The land was part of the Don Ygnacio Martinez 1823 land grant, Rancho El Pinole, platted in the original 1849 survey of Martinez by surveyor Thomas A. Brown for Col. William M, Smith. Col. Smith was the son-in-law/agent for the Martinez family and founder of the City of Martinez. Most likely it began as their personal family cemetery before it was seized for back taxes.
Extremely high taxes were accessed by the US Government to perpetuate a “legal” land grab from former Spanish/Mexican land owners. Later it was sold to Beverly Holiday and John Livingston through a Sherriff’s Auction in 1854, which (coincidentally) is the first year recorded burials at the old cemetery are entered in the City of Martinez death register.
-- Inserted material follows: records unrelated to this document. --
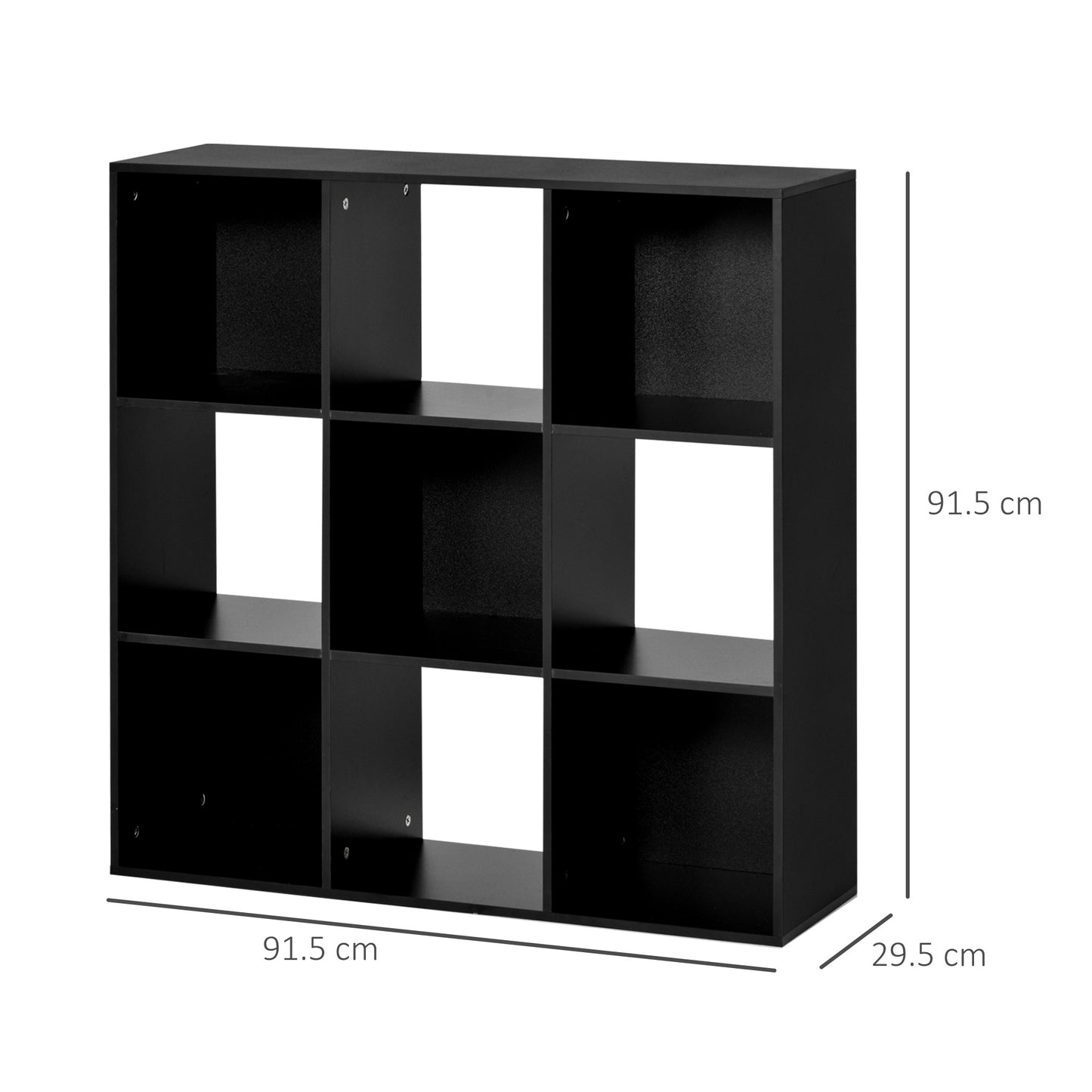 Remamo Wood Black 3 Tier 9 Cube Storage Bookcase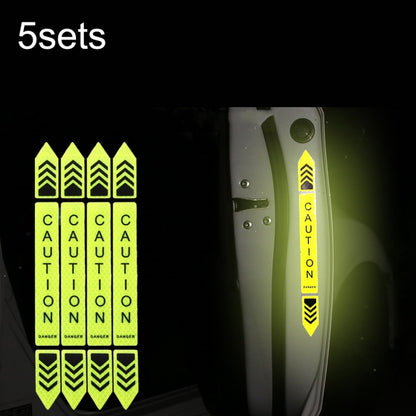 Fluorescent green reflective car door anti-collision warning stickers set on door edge
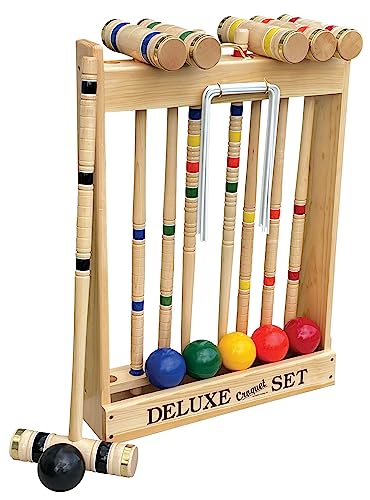 6 Player Croquet Set Amish-Made in Wood Rack with 28" Handles - size: 28" Handles.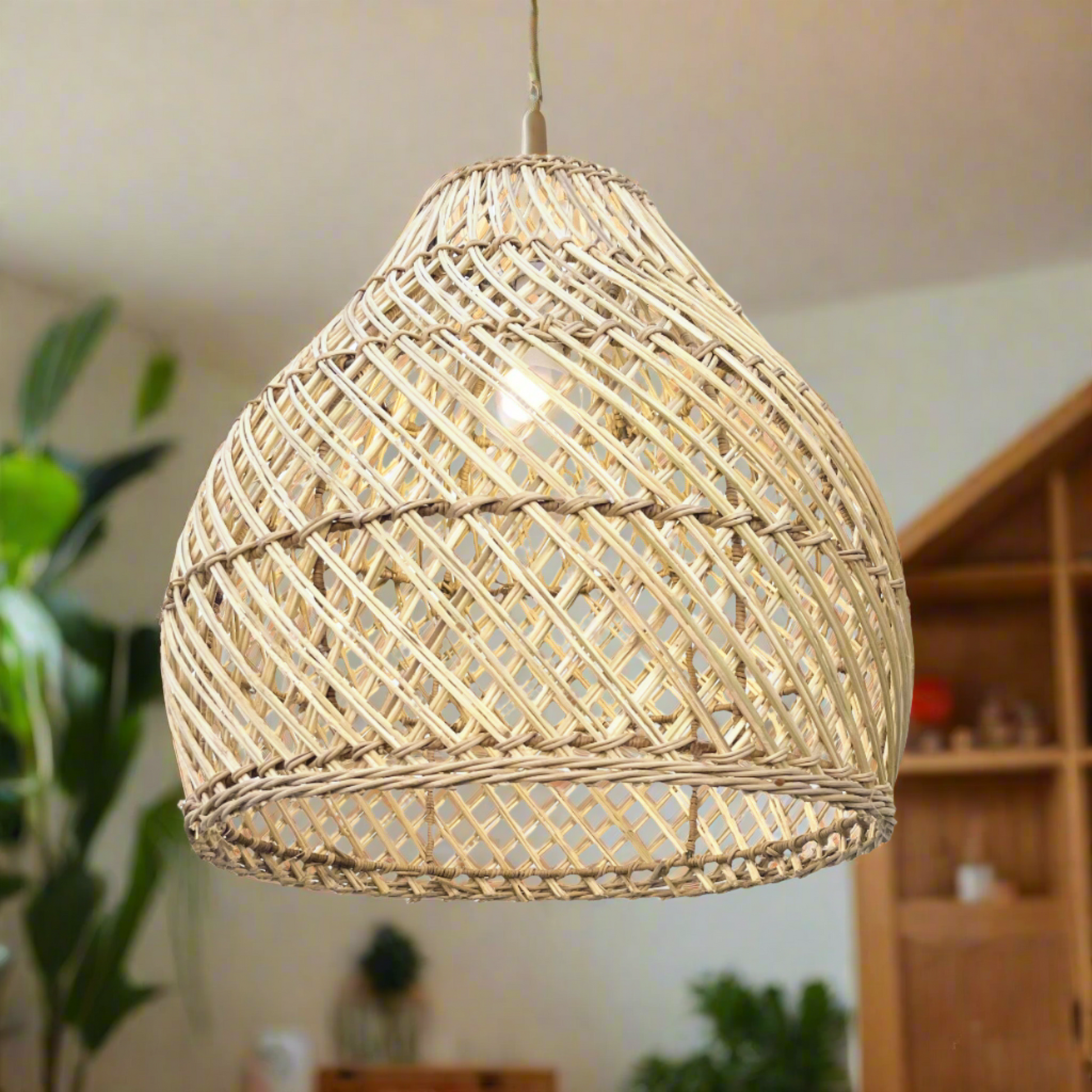 Bell Pendant Lampshade made from Malawi rattan cane - Small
While Don Ygnacio Martinez remains in Alhambra, the rest of his family and almost all Catholics originally buried prior to 1882 have been reinterred across the street in the Saint Catherine of Siena Cemetery. According to an article published Feb 19, 1875 by Oroville’s The Weekly Mercury, “Three Acres have been purchased and inclosed for a Catholic Cemetery on the sharply-rising ground west of and overlooking the Alhambra Cemetery, near Martinez.”
It is not known how many plot deeds are still held as a cemetery overseer sold some plots to more than one person. He later ended up in San Quentin Prison.